### THE PROBLEM
Look below for the line with "Residencial Casa Da"; begin the copy there and stop after the line with "Botas Gummi Trekking", keeping the text exact and the pictures out.

### DATA TO PROCESS

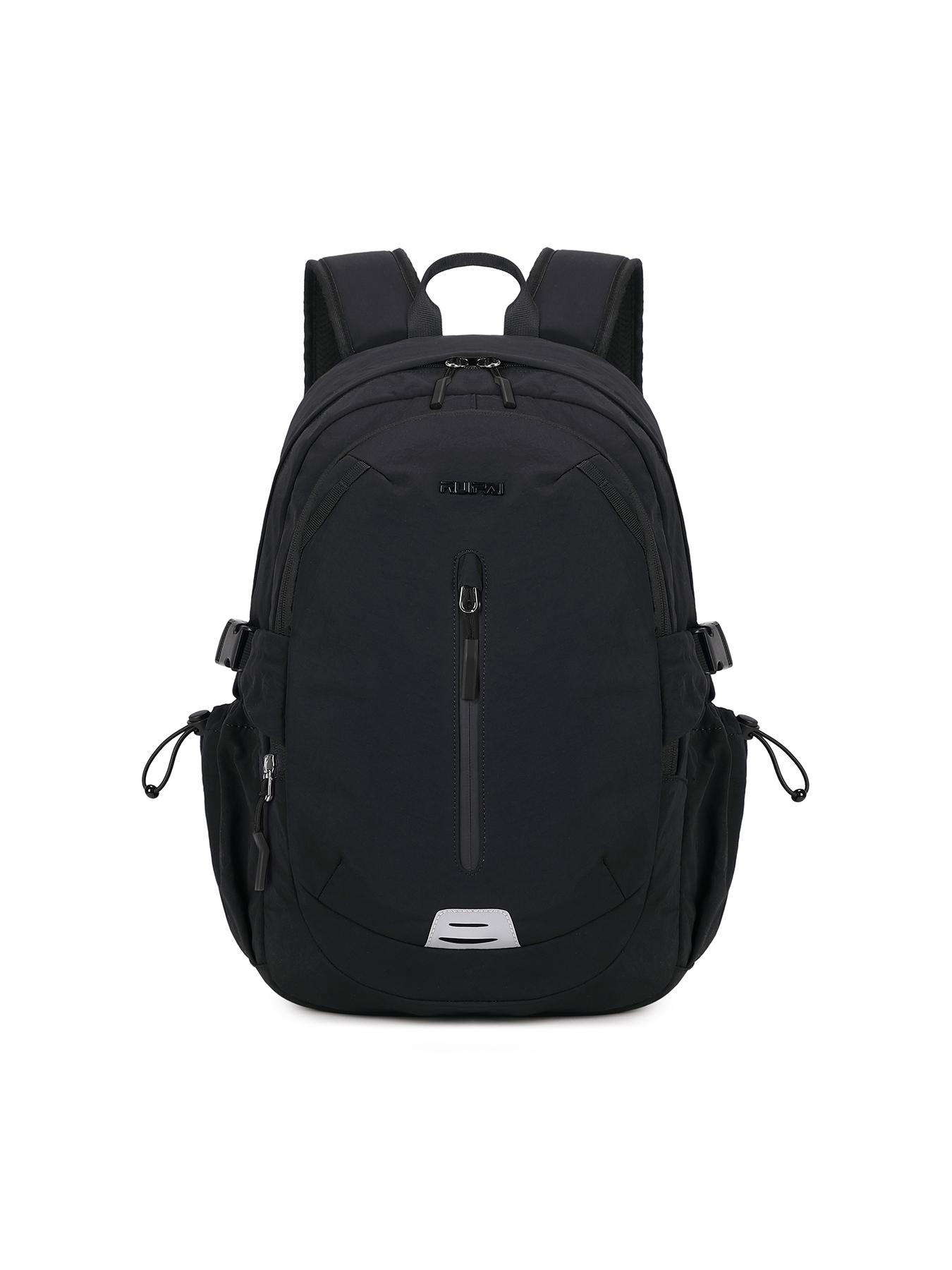 Outdoor Casual Lightweight Waterproof Unisex Couple Travel Backpack, Dual Shoulder Bag for Men Women, Ideal for Tourism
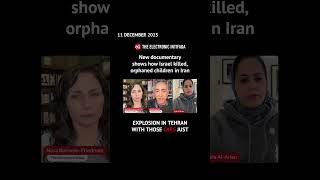 Download lagu New documentary shows how Israel killed, orphaned children in Iran mp3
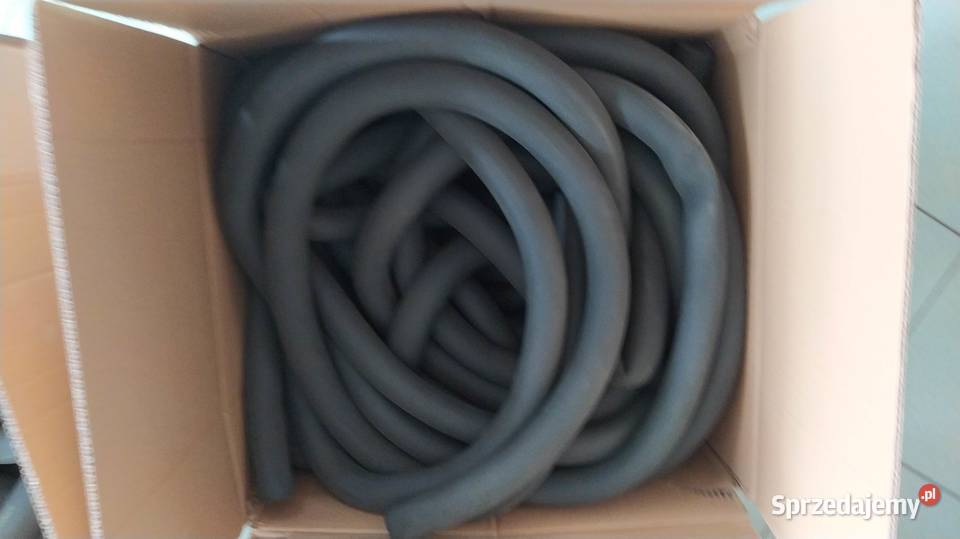 otulina13x18 38 kauczuk Armaflex HT 2M 44mb Kalisz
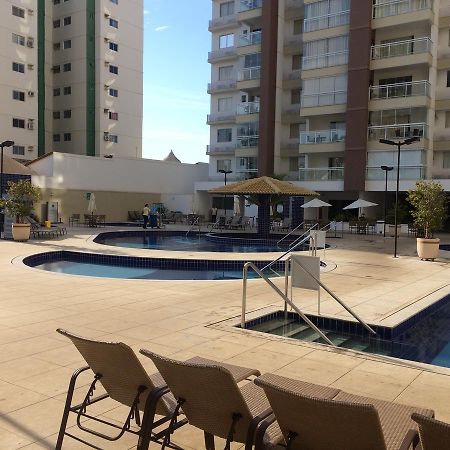 Residencial Casa Da Madeira Apartment กัลดัสโนวัส ภายนอก รูปภาพ
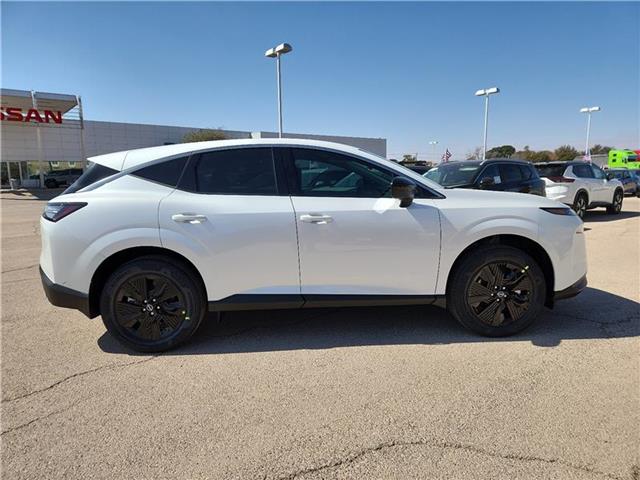 new 2025 Nissan Murano car, priced at $43,140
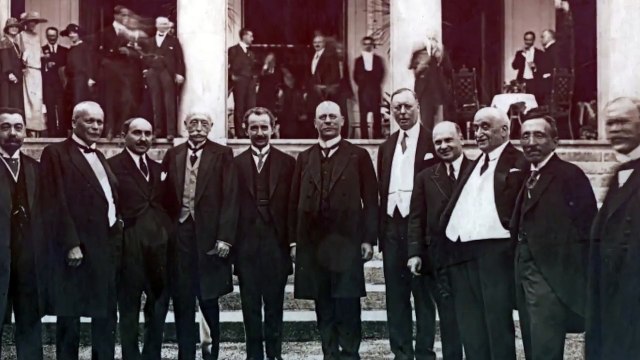 Lozan Antlaşması ve Gizli Maddeleri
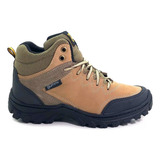 Botas Gummi Trekking 847 Hombre Deportivas Outdoor Trail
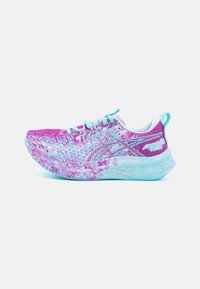 ASICS NOOSA TRI 16 - Road running shoes - bold magenta/cool grey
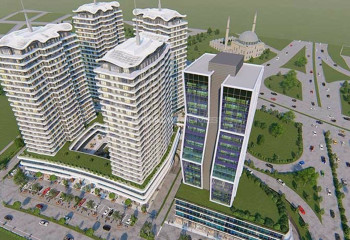 Квартира 2+1 в Газиосманпаше, Стамбул, Турция | PKK-46188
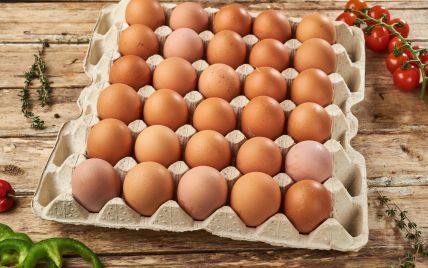 Фото 2. Продам курячі домашні яйця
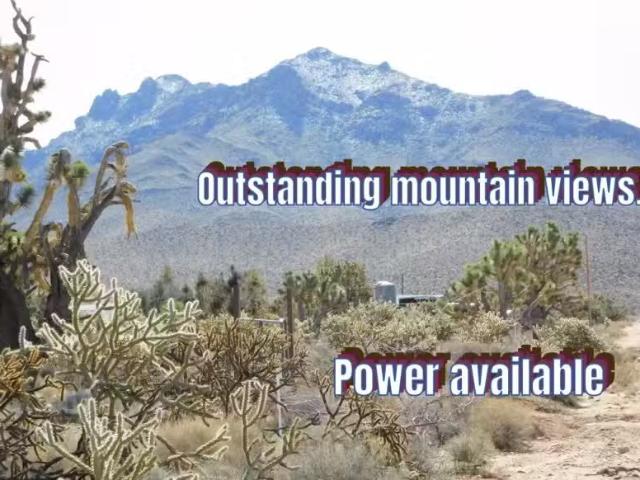 N Saddle Dr, Dolan Springs, AZ 86441 MLS 034755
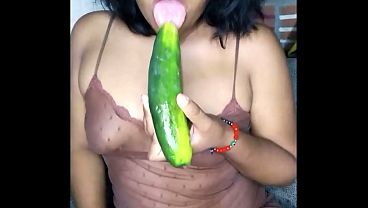 Cucumber sex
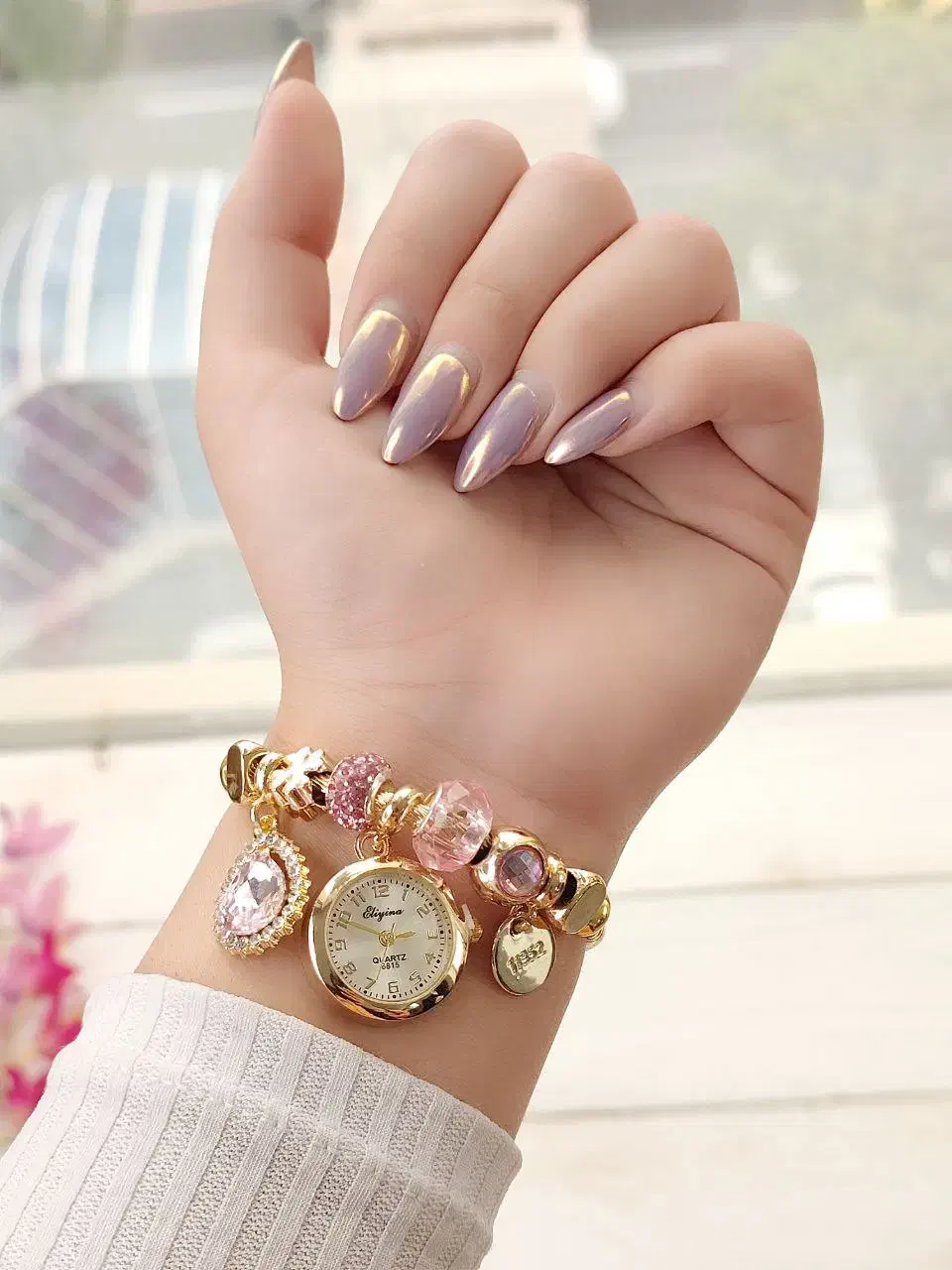 ساعت زنانه پاندورا مارک الینا 7324|ساعت|تبریز, |دیوار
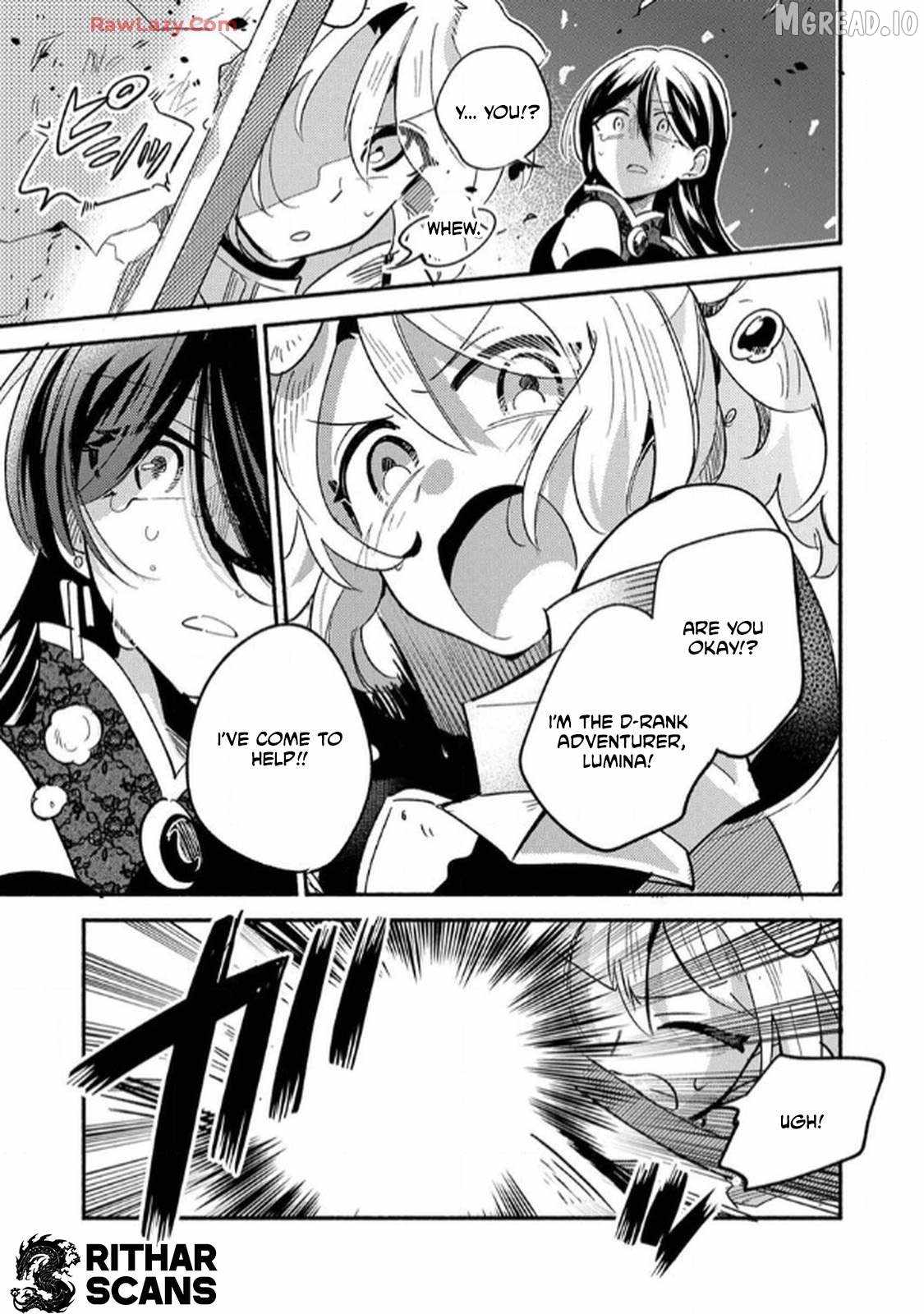 The Healer Banished From the Guild, Was Actually Invincible Because His Mana Was Infinite, So He Becomes a Legend With Unconventional Healing Magic Ch.4 p20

### RESULT OF THE TASK
 Residencial Casa Da Madeira Apartment กัลดัสโนวัส ภายนอก รูปภาพ
 new 2025 Nissan Murano car, priced at $43,140
 Lozan Antlaşması ve Gizli Maddeleri
 Botas Gummi Trekking 847 Hombre Deportivas Outdoor Trail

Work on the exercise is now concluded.